Ensuite il y a l’autre université qui est le Centre de formation des artistes et des écrivains. Là c’est vraiment très simple. C’est enseigner le savoir-faire et les principes du Destructuralisme libérateur dans tous les arts – pour vous dire, on a même la gastronomie dans les programmes de formation. La créativité dans le sport ? Ça aussi c’est possible ! J’ai rencontré un footballeur. Je lui ai conçu un programme. Il m’a dit que c’était extrêmement intéressant. C’est-à-dire que c’est adapté aussi pour des jeunes sportifs : pour développer une spontanéité, une capacité d’anticipation, apprendre à partager avec le groupe. La créativité peut s’adapter à un savoir-être, un savoir-faire à la fois dans son quotidien et dans sa vie professionnelle.

En ce qui concerne nos enseignements :

Mon objectif est vraiment très ambitieux, c’est de pouvoir couvrir tous les besoins sociétaux avec nos programmes de formation. C’est pour ça qu’on s’articule dans des thématiques très diverses. On a même un département « bienfaisance » pour les personnes en grande difficulté, pour un genre de réinsertion par la créativité : le fait de se reconnecter à quelque chose qui soit quand même beau, qui donne de l’espoir et qui apprend… qui est un véritable savoir-faire.

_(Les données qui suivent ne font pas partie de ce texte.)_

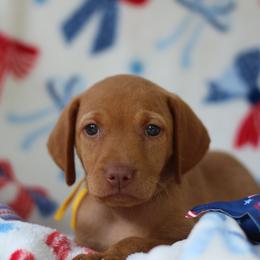 Stars - Golden rust female Vizsla puppy in Bloomington, Indiana from Envizion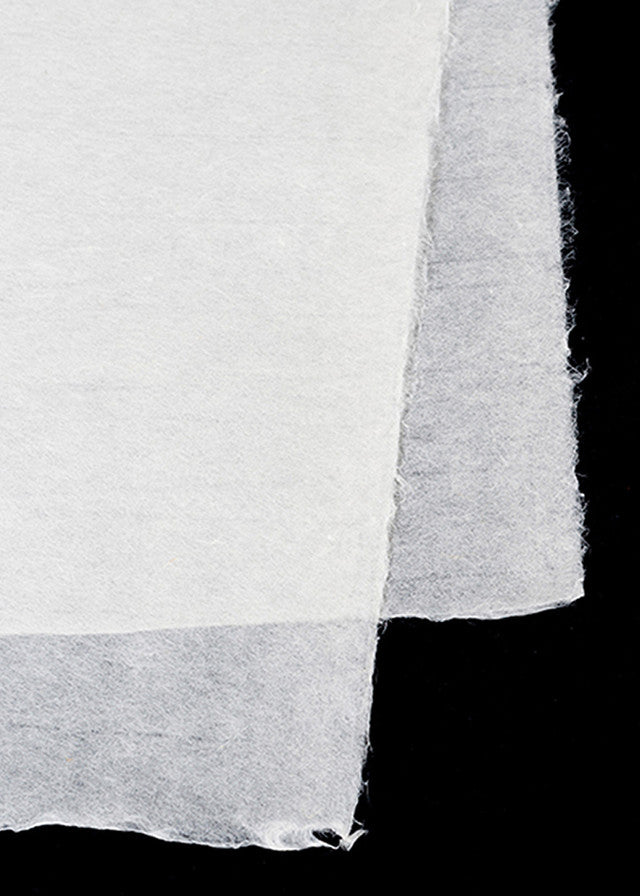 Kizuki Tosa Kozo 25"x39"
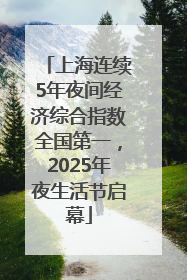 上海连续5年夜间经济综合指数全国第一，2025年夜生活节启幕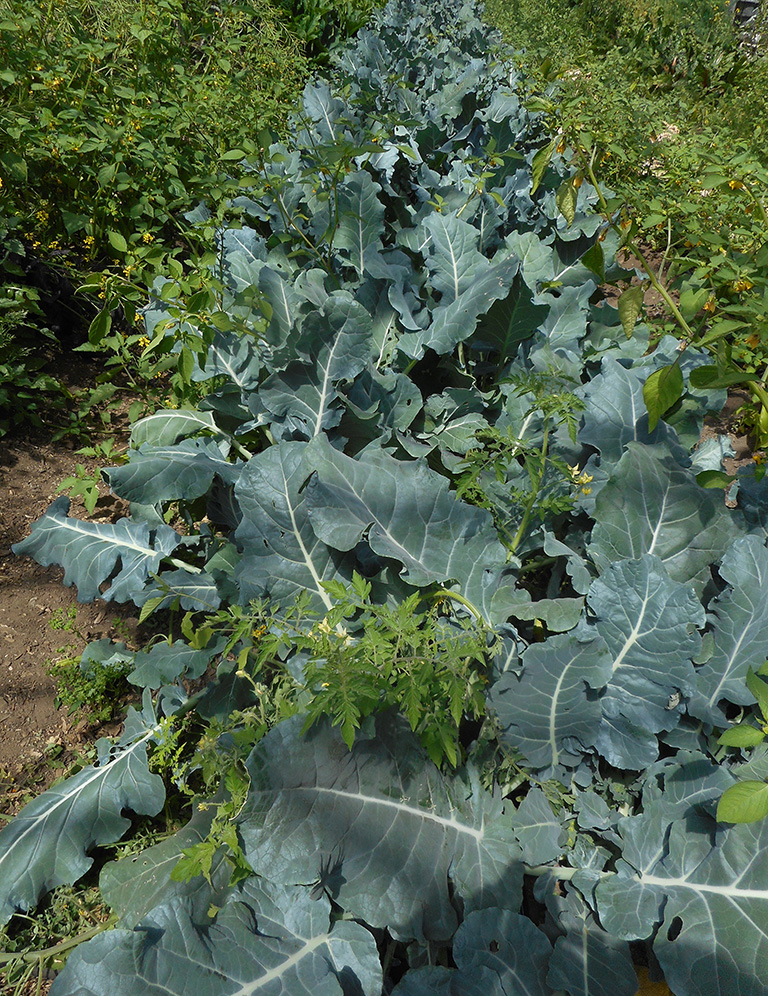 A close up photo of a large and heatlhy kale plant in a home garden.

Et là je développe aussi des départements de conscience, parce que pour moi tout est dans la conscience de ce qu’on a, de ce qu’on est et de ce qu’on peut être. Les thématiques s’intitulent « créativité et conscience citoyenne », « créativité et conscience écologique de la nature » et « créativité et conscience animale ». C’est pas du tout politique. C’est juste de la réflexion sur la nature, la grandeur de la nature et à quel point c’est important d’en prendre conscience.

Je développe aussi un nouveau département « Lud Mode et luxe ». La créativité dans ce milieu de la mode et du luxe est très importante, car c’est un domaine très prestigieux en France. Donc je pense qu’apporter le savoir-faire du Destructuralisme libérateur et de ses principes dans le luxe et tous ces domaines, ça peut vraiment enrichir. Si on prend l’exemple du raffinement qui ressort dans un produit : on parle de « produit » mais il y a quand même une grande dimension artistique, quelque chose qui fait la grandeur et la beauté de ce produit. On voudrait accompagner la créativité de ce qui fait notre fierté en tant que Français.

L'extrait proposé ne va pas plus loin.